Collected data entries:
------------------------

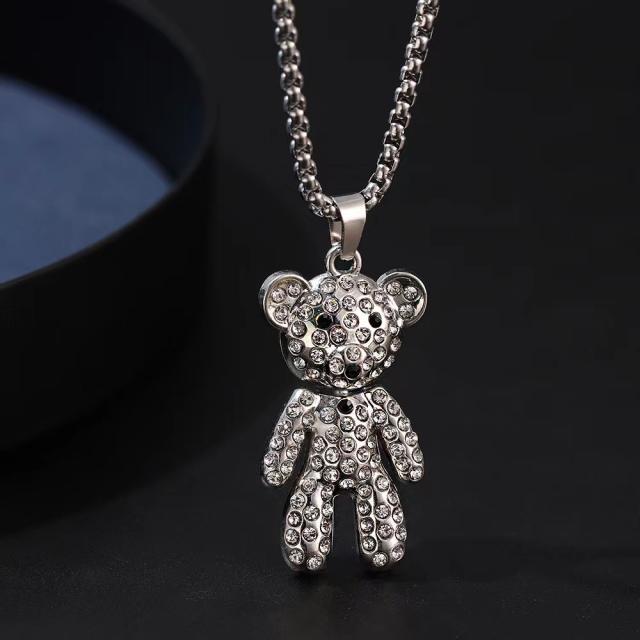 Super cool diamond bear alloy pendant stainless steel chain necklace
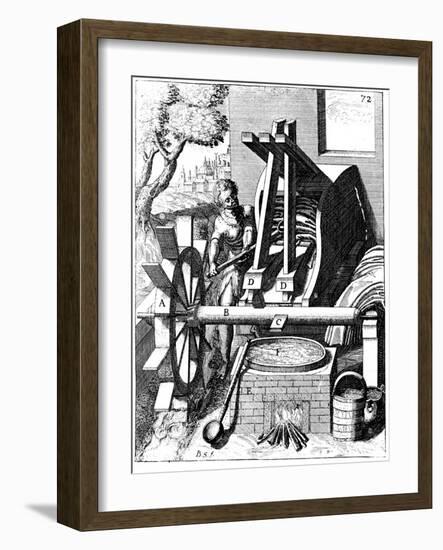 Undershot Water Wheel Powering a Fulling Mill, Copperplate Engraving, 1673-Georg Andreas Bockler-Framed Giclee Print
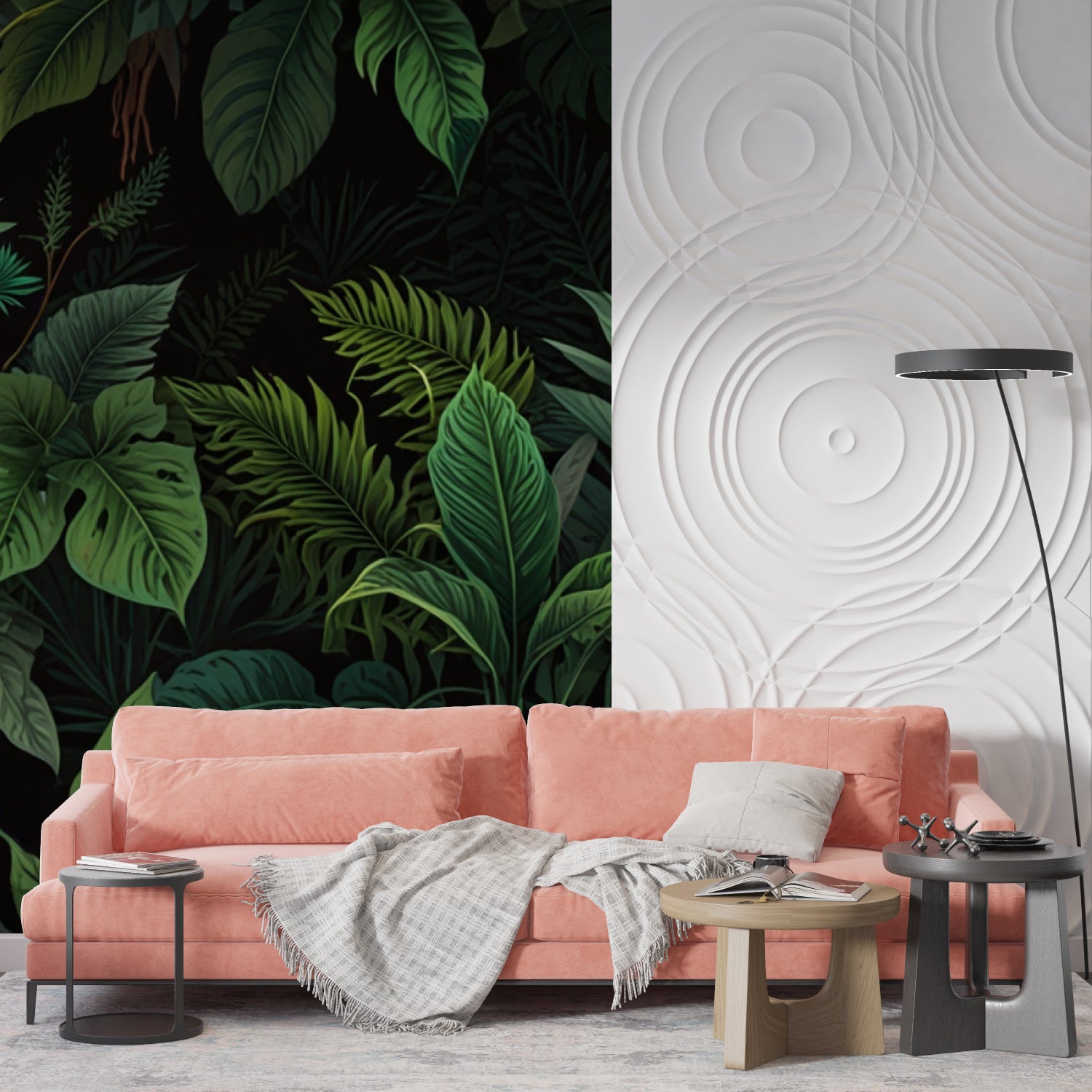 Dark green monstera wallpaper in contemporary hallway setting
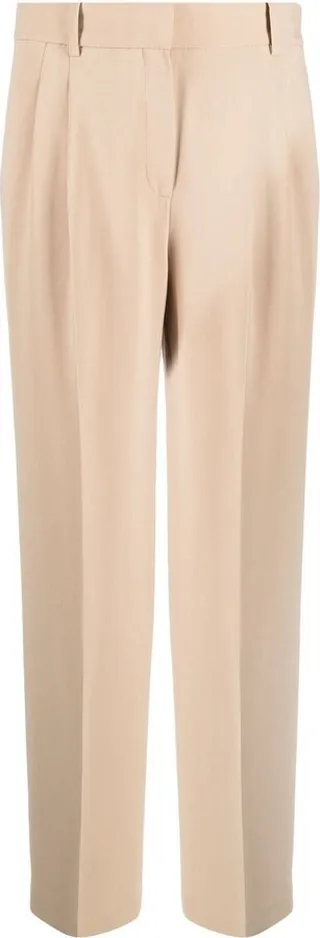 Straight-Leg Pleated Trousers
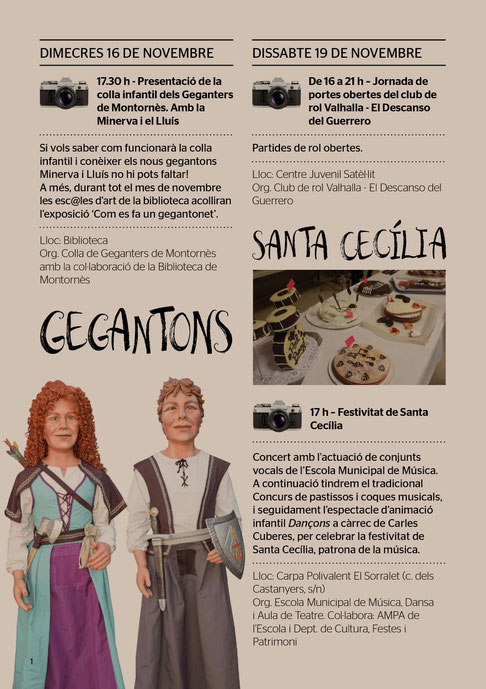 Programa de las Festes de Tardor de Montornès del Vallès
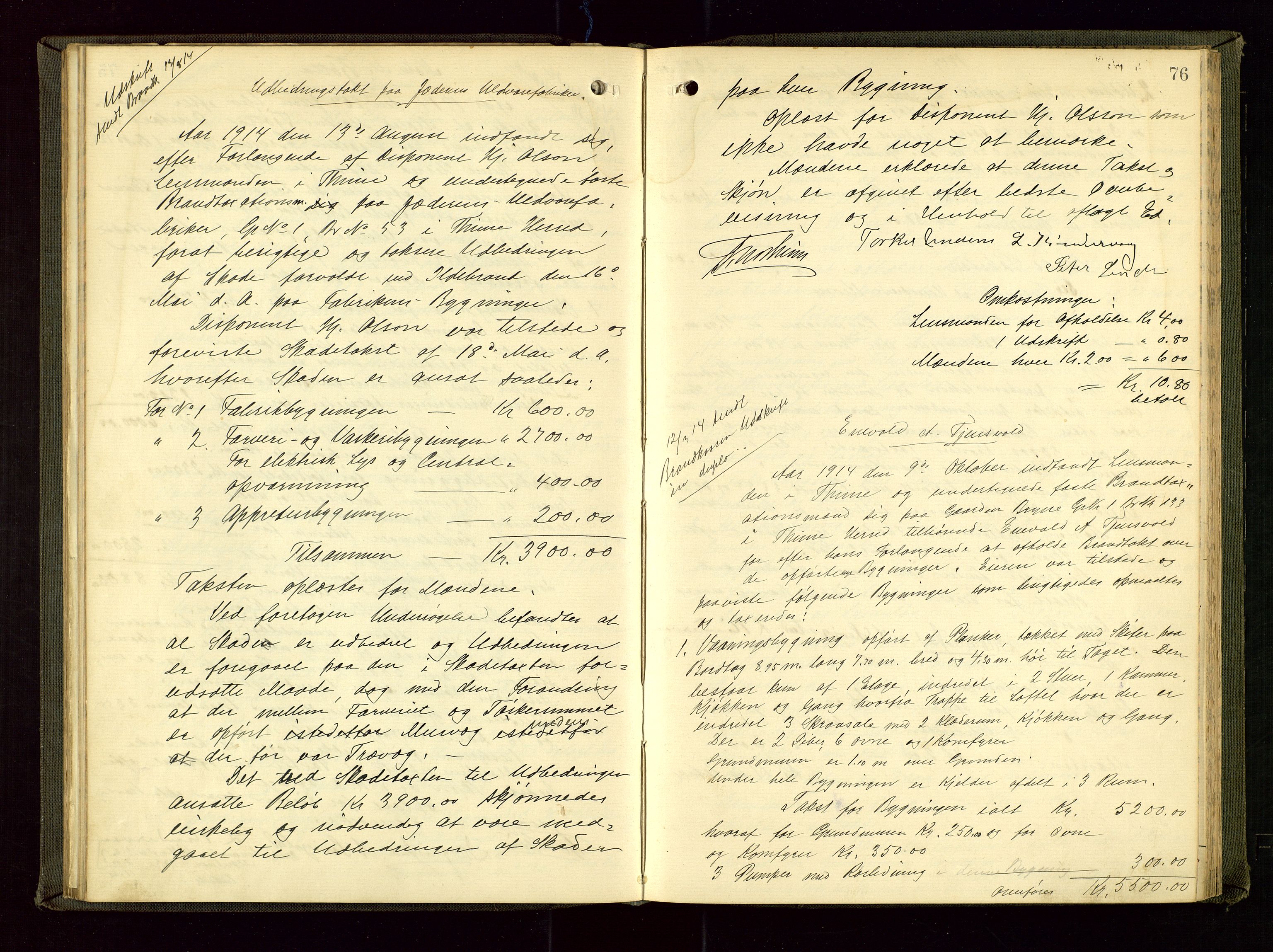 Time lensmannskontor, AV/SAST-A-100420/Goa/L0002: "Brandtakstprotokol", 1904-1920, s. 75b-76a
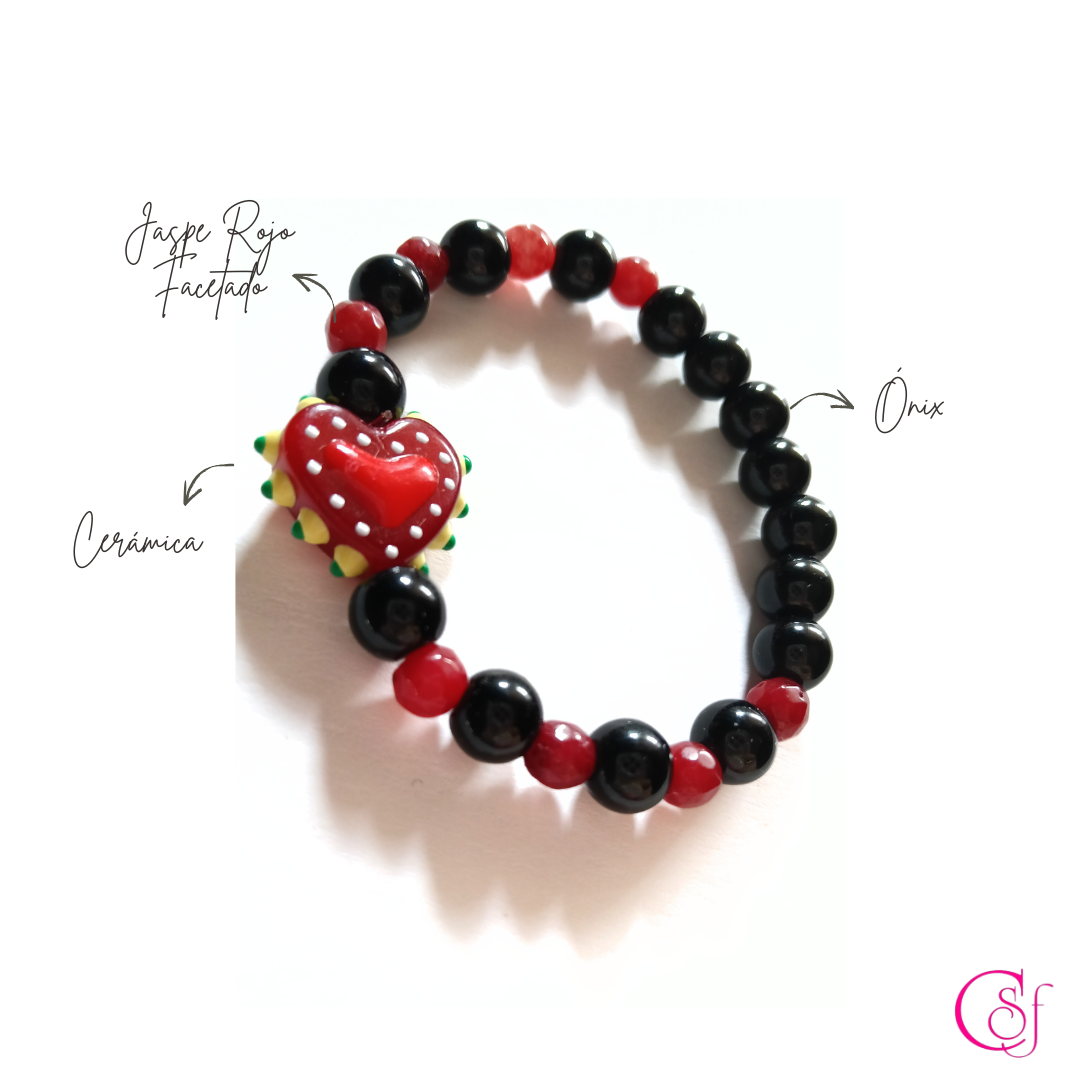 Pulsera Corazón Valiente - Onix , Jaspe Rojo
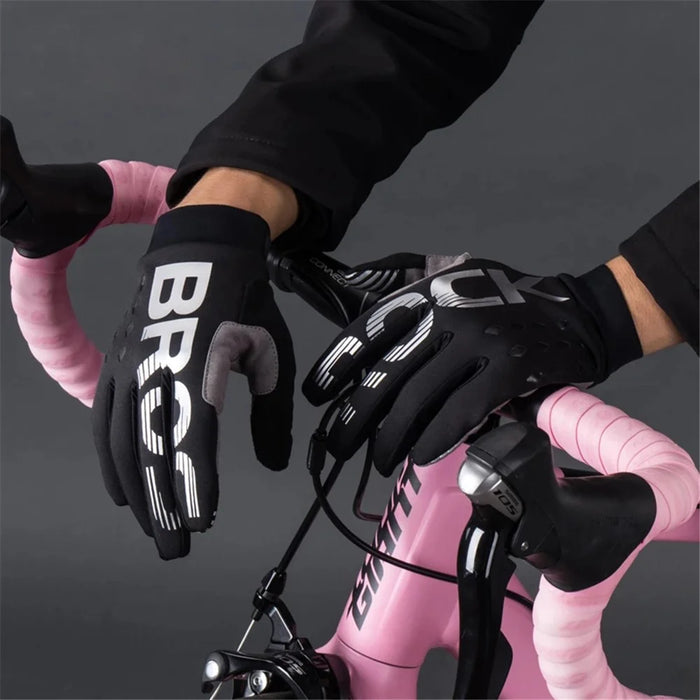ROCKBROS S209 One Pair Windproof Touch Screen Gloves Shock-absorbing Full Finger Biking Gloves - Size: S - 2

------------------------

## What you have to do
Beginning with the line that contains "Undershot Water Wheel" and ending with the last line of the data above, output those lines exactly and nothing more, without any pictures.

## Exercise answer
 Undershot Water Wheel Powering a Fulling Mill, Copperplate Engraving, 1673-Georg Andreas Bockler-Framed Giclee Print
 Dark green monstera wallpaper in contemporary hallway setting
 Straight-Leg Pleated Trousers
 Programa de las Festes de Tardor de Montornès del Vallès
 Time lensmannskontor, AV/SAST-A-100420/Goa/L0002: "Brandtakstprotokol", 1904-1920, s. 75b-76a
 Pulsera Corazón Valiente - Onix , Jaspe Rojo
ROCKBROS S209 One Pair Windproof Touch Screen Gloves Shock-absorbing Full Finger Biking Gloves - Size: S - 2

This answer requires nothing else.